Activity
All the data below goes into the copy word for word, but the pictures don't.

------------------------

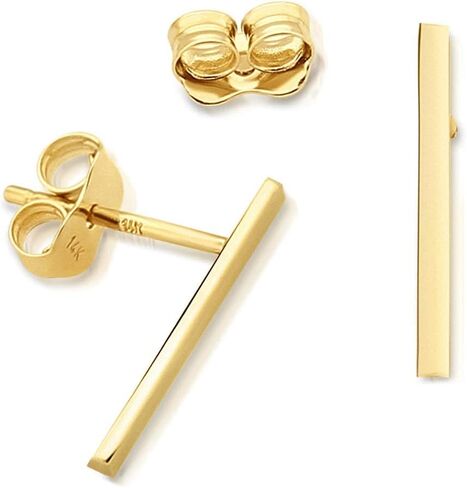 Minimalist 14k Gold Polished Stud Bar Line Stick Earrings, (15mm X 1.3mm) in Saudi Arabia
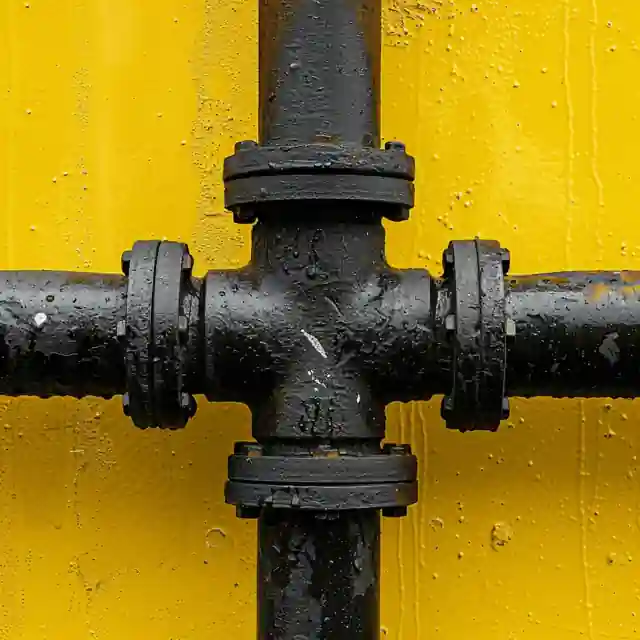 Black Galvinised Pipe And Fittings On A Yellow Background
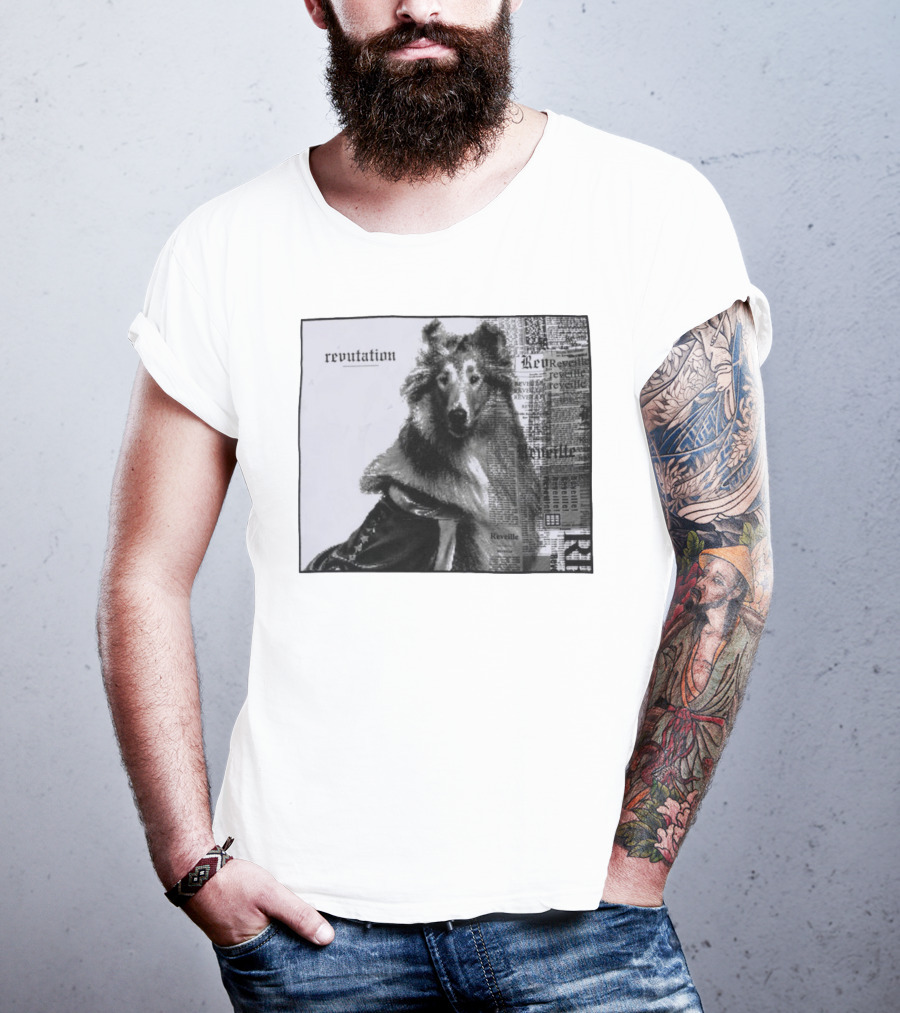 Revutation Reveille Collie Newspaper Style T-Shirt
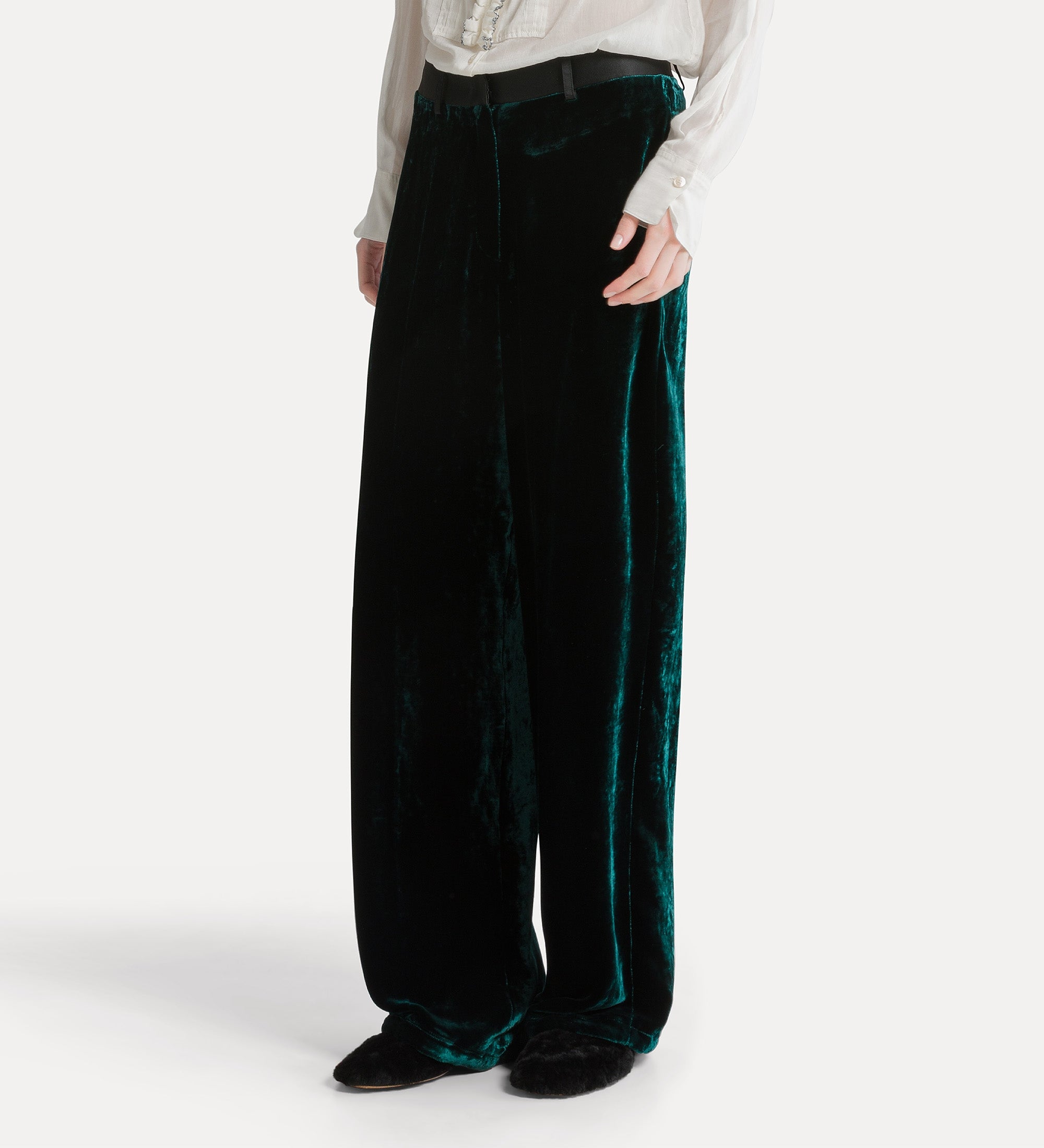 Forte pantaloni moiré velvet tuxedo trousers verdi in velluto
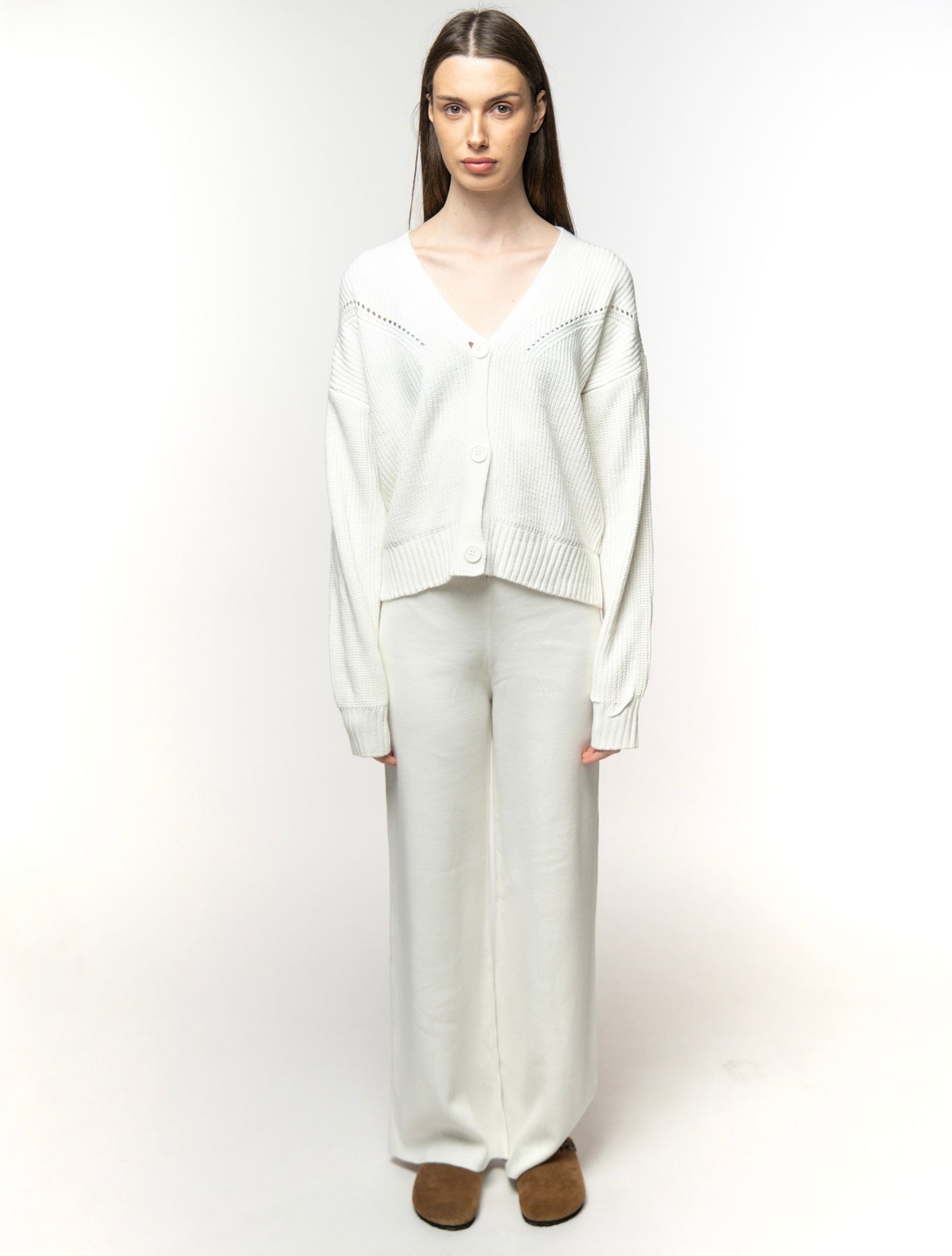 White Knit Set with Cardigan and Pants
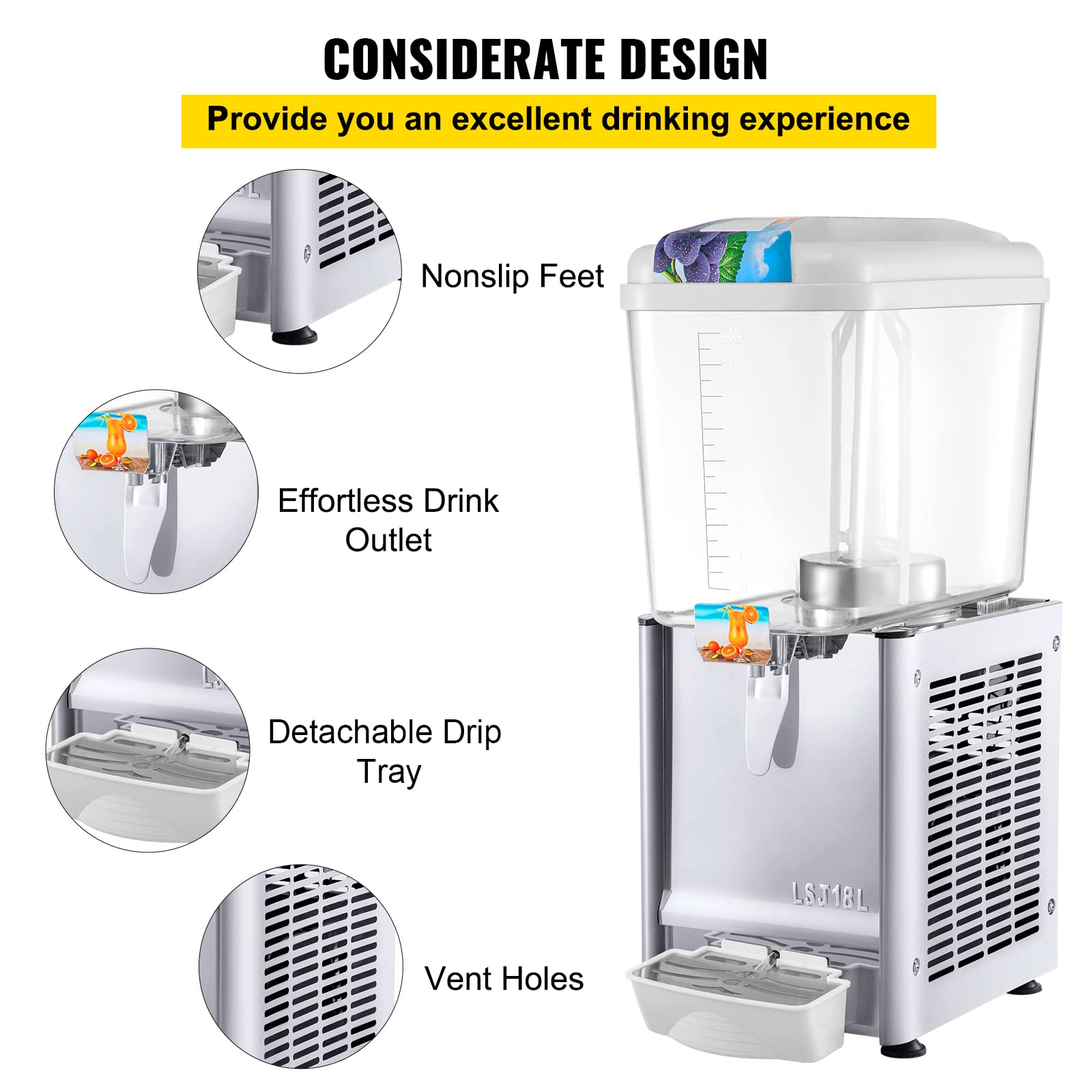 VEVOR 110V Commercial Beverage Dispenser, 4.8 Gallon (18L) Stainless Steel Juice & Iced Tea Dispenser with Thermostat Control - 200W Food-Grade Drink Dispenser for Restaurants, Cafes, and Catering Events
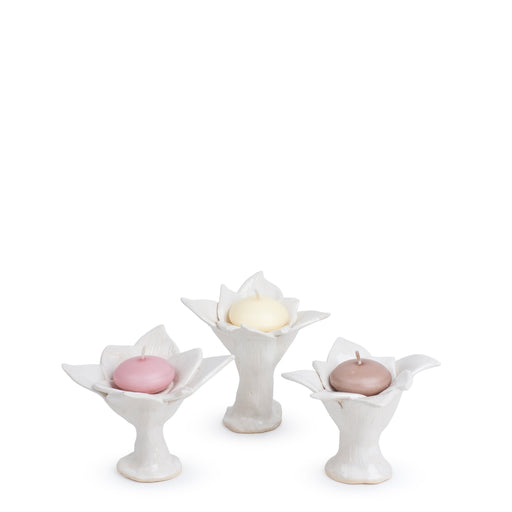 High Tealight Holder <br>  
White <br>  
Set of 3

------------------------

Response
 Minimalist 14k Gold Polished Stud Bar Line Stick Earrings, (15mm X 1.3mm) in Saudi Arabia
 Black Galvinised Pipe And Fittings On A Yellow Background
 Revutation Reveille Collie Newspaper Style T-Shirt
 Forte pantaloni moiré velvet tuxedo trousers verdi in velluto
 White Knit Set with Cardigan and Pants
 VEVOR 110V Commercial Beverage Dispenser, 4.8 Gallon (18L) Stainless Steel Juice & Iced Tea Dispenser with Thermostat Control - 200W Food-Grade Drink Dispenser for Restaurants, Cafes, and Catering Events
 High Tealight Holder <br>  
White <br>  
Set of 3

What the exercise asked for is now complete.